As Neil Brooks and Thaddeus Hwong have pointed out, “Nordic countries give an average of 0.71 percent of their GNI, more than double that of the Anglo-American countries.”
7
In May 2005, the European Union announced that its members would double their aid to poor countries by 2015, agreeing that by 2010 they would all be contributing at least 0.51 percent of GDP (which is slightly smaller, of course, than GNI), and that this would increase to the long-established target of 0.7 percent by 2015.

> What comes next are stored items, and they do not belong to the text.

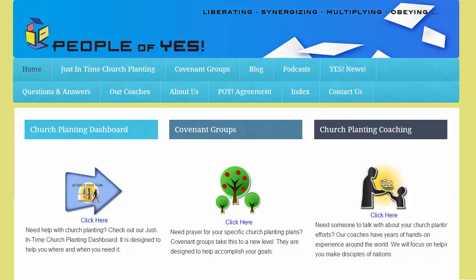Welcome to the People of Yes website and Church Planting Dashboard. The Dashboard serves as a tool for church planters and for those who coach church planters who want to see their gatherings, cells, and congregations grow and multiply. The Dashboard provides proven guidelines, useful observations, and testing materials provided by experienced church planters.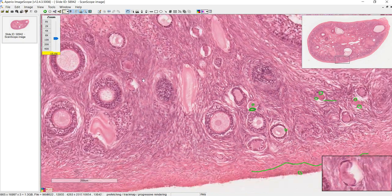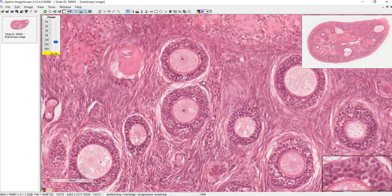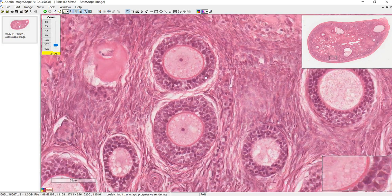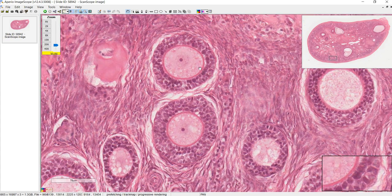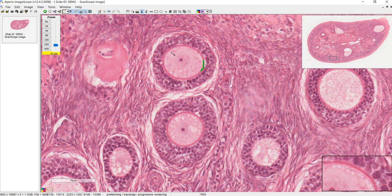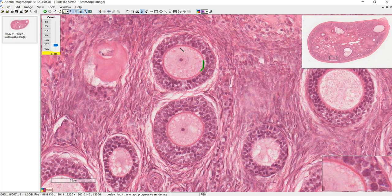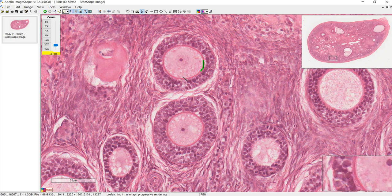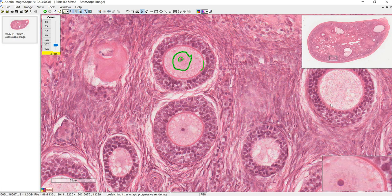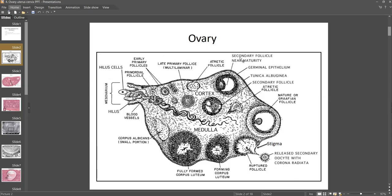These are nice examples of late primary follicles because there are multiple layers of granulosa cells. You can see the zona pellucida — this dark pink line that surrounds the oocyte. This whole area here is the oocyte; here's the nucleolus, and this is the nucleus of the oocyte.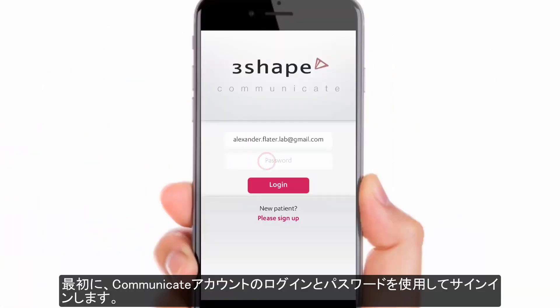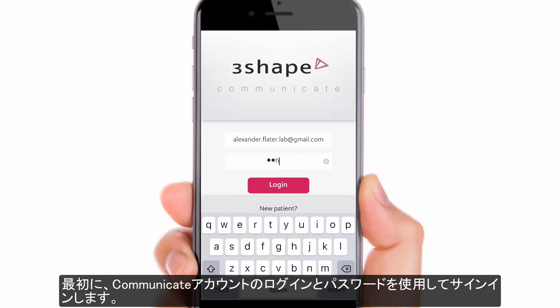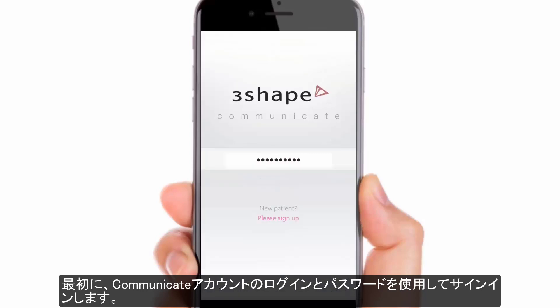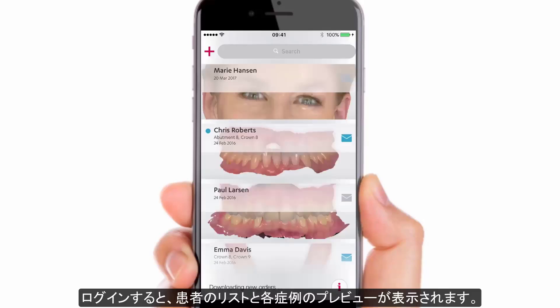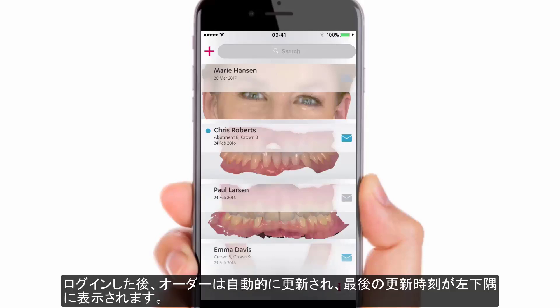Start by logging into the application using your 3Shape Communicate login and password. Once you have logged in, the list of patients with cases and a preview of each case will be visible. After logging in, orders will be updated automatically, and the time of the last update can be found in the lower left corner.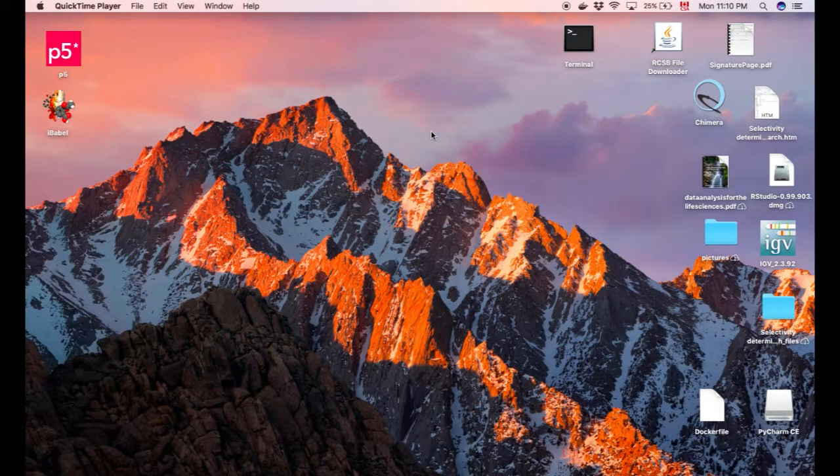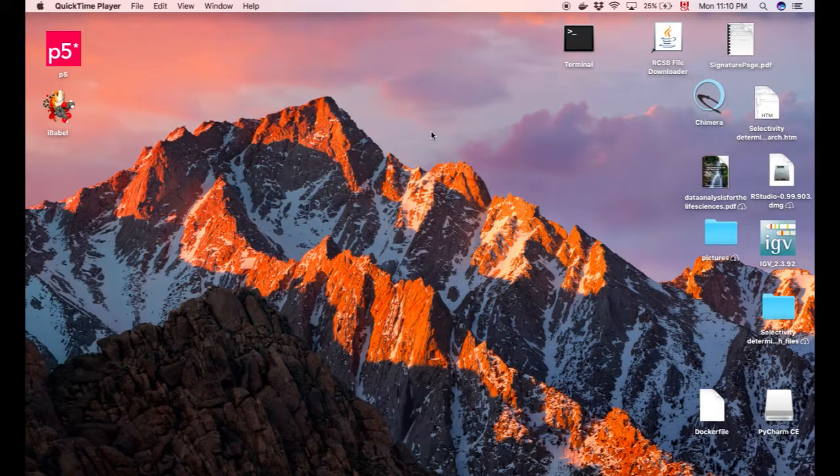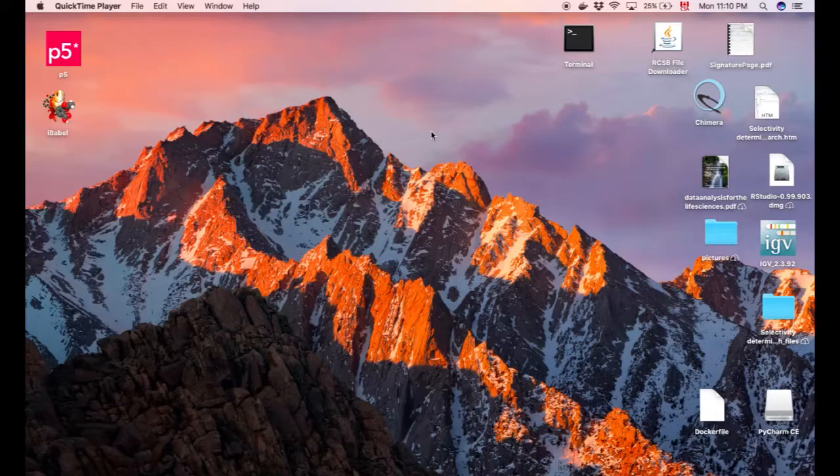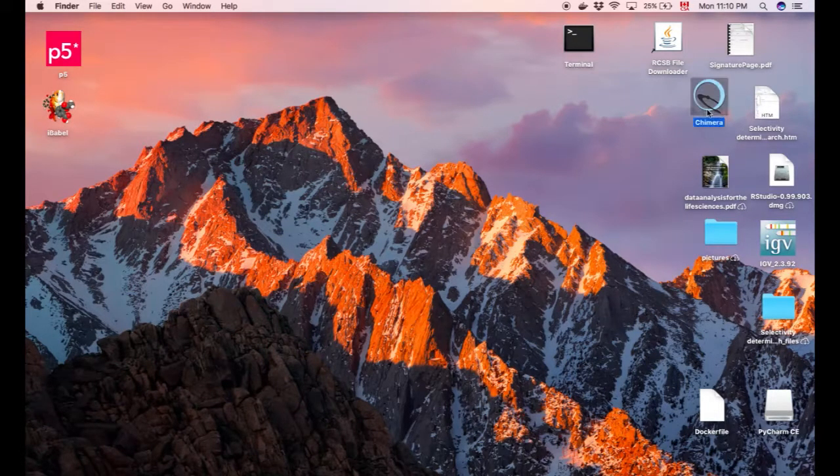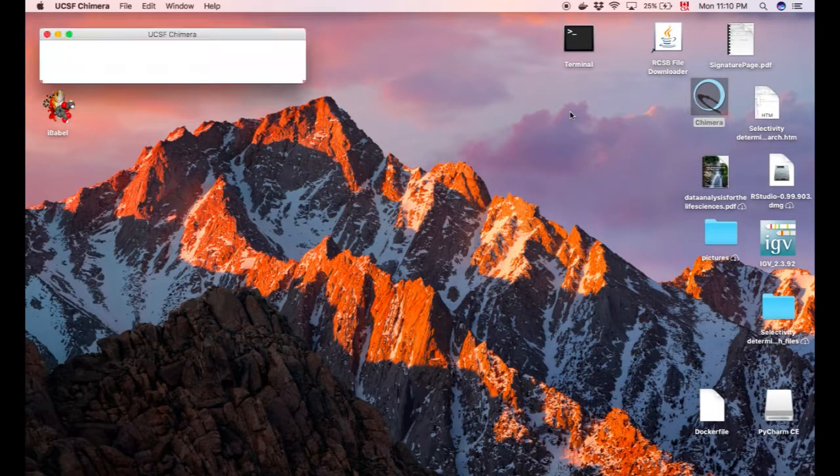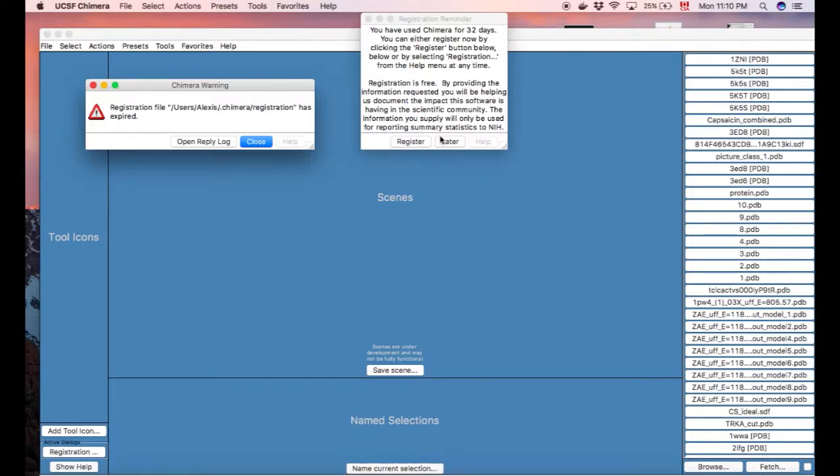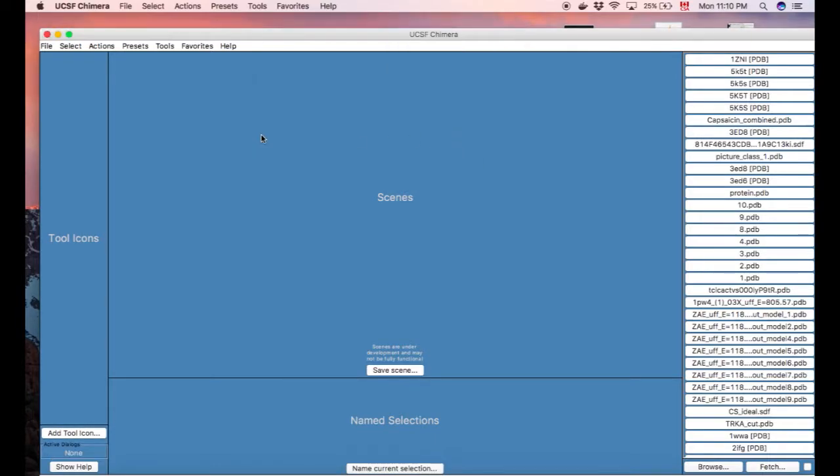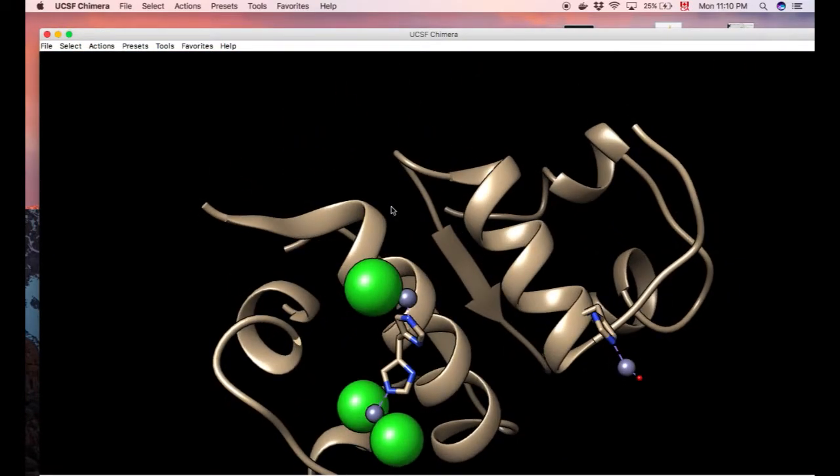Alexei once again with part four of protein imaging series. So today we're going to keep on going with UCSF Chimera's tools to basically continue analyzing a little insulin right here.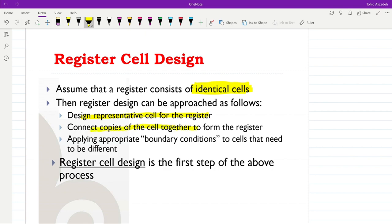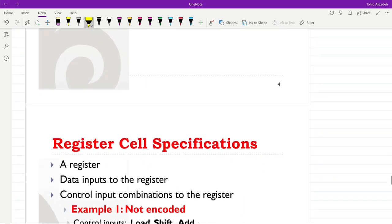We then connect copies of that representative cell together to form the whole register. We just need to apply the appropriate boundary conditions — knowing how we connect the cells to each other and how we handle the cells at the boundaries that need to be different. Therefore, the first step in designing the register is designing the register cell.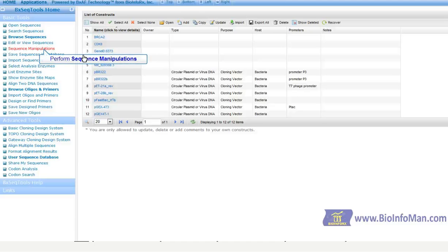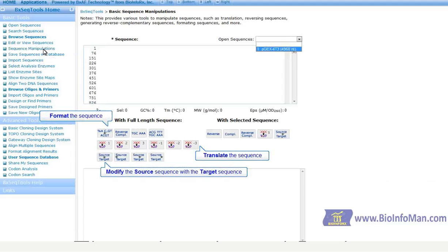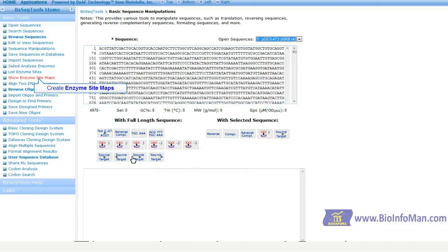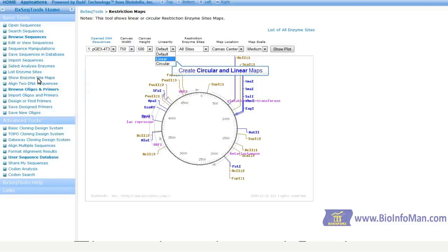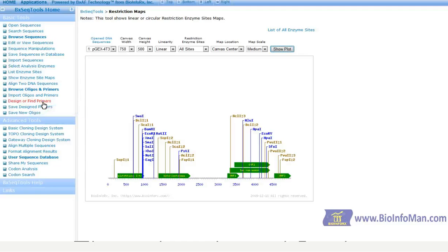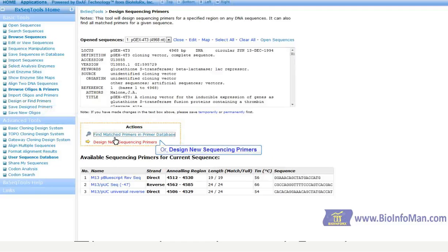The Sequence Manipulations tool performs multiple functions, like formatting, translating, and easy modification or manipulation. Create circular or linear enzyme maps. Easily find matching primers or design your own.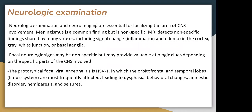Neurological examination and neuroimaging are essential for recognizing the area of central nervous system involvement. MRI detects non-specific findings shared by many viruses, including signal changes from inflammation and edema in the cortex and grey-white matter junction. Focal neurologic signs may not be specific but may provide valuable etiological cues depending on the specific part of the CNS involved. In prototypical focal viral encephalitis such as HSV-1, the orbitofrontal and temporal lobes are most frequently affected, leading to dysphasia and behavioral changes.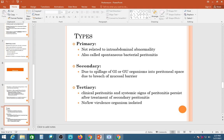Tertiary peritonitis occurs when, even after treatment of secondary peritonitis, clinical and systemic signs persist. It is associated with low-virulence organisms and occurs mainly in immunocompromised patients — diabetics, patients on immunosuppressants, organ transplant recipients, or those on steroids.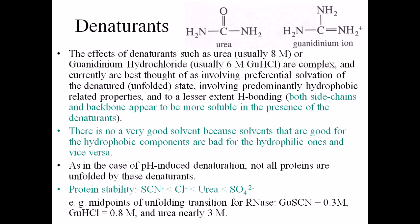There is no very good solvent that can fully stabilize a protein structure. Any solvent is of one type — either hydrophobic, like an organic solvent, or hydrophilic. Because a protein structure contains both hydrophobic and hydrophilic sequences, no single solvent is ideal.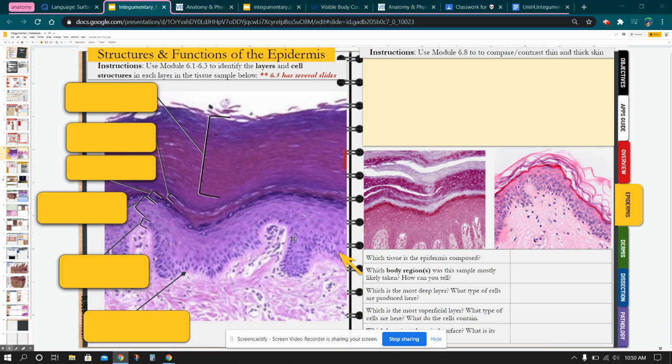I'm going to give you a quick little tutorial on the functions of the epidermis. Specifically, we're going to be looking at layers of the epidermis and the cells within.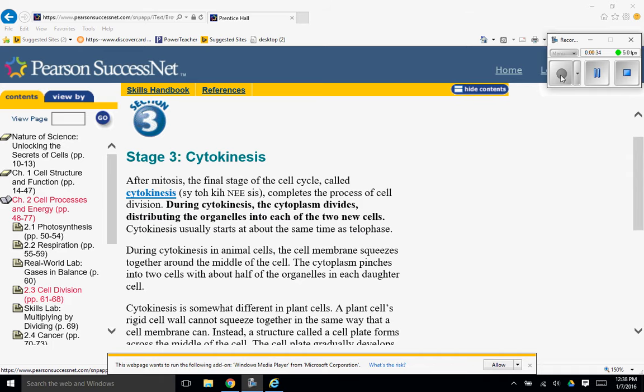During cytokinesis in animal cells, the cell membrane squeezes together around the middle of the cell. The cytoplasm pinches into two cells with about half of the organelles in each daughter cell.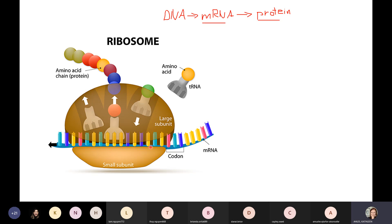We start with our mRNA molecule — our messenger RNA that has the directions for the protein we want to build. That gets to a ribosome. When that message gets to the ribosome, the ribosome is going to read it. But ribosomes aren't very good at reading. When ribosomes are trying to figure out what the message says, they have to use these little things called codons.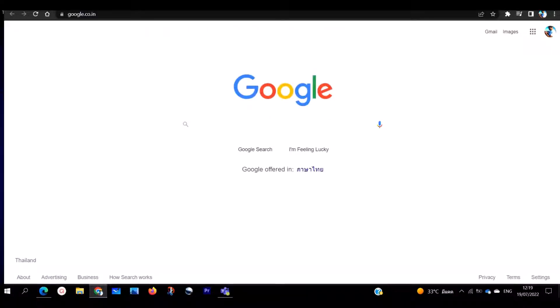Welcome to another Google Chrome tutorial with Dombison 101. I'm Dombison 101, with short basic computer lessons which are straight to the point. On today's video I'm going to be showing you how to clean up viruses on your Google Chrome.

According to Oxfam, “The EU’s bold announcement leaves the U.S. with nowhere to hide. If they fail to step up to the mark and pay their
share, they will be responsible for derailing an historic deal on aid that would lift millions out of poverty.”
8
In January 2005, Jeffrey Sachs pointed out that the target of 0.7 percent of GDP represented about $150-billion (U.S.) a year, “half of which is from the United States alone. The missing aid would save millions of impoverished people this year from imminent death.”
9
The United States, in 2005, spent 30 times as much on its military as it did on aid. And in June 2005, the U.S. Congress slashed U.S. aid by $2.5-billion, in a move supported by both Republicans and Democrats, leaving U.S. development assistance down 20 percent in real terms for 2006.
Meanwhile, polls show that a majority of Americans believe that U.S. foreign aid should be reduced.
And us? At one time, Canada was near the top of the list in our assistance to poor countries, although we never once reached the 0.7 percent target set by Prime Minister Lester Pearson in 1969. In 1975, we were at 0.5 percent of GNI. The year before Paul Martin became Finance minister, Canada’s assistance as a percentage of gross national income was 0.46 percent. Then Martin went to work. The man whose plaintive pleas for the world’s poor permeated his political career cut our aid all the way down to only 0.22 percent of GDP.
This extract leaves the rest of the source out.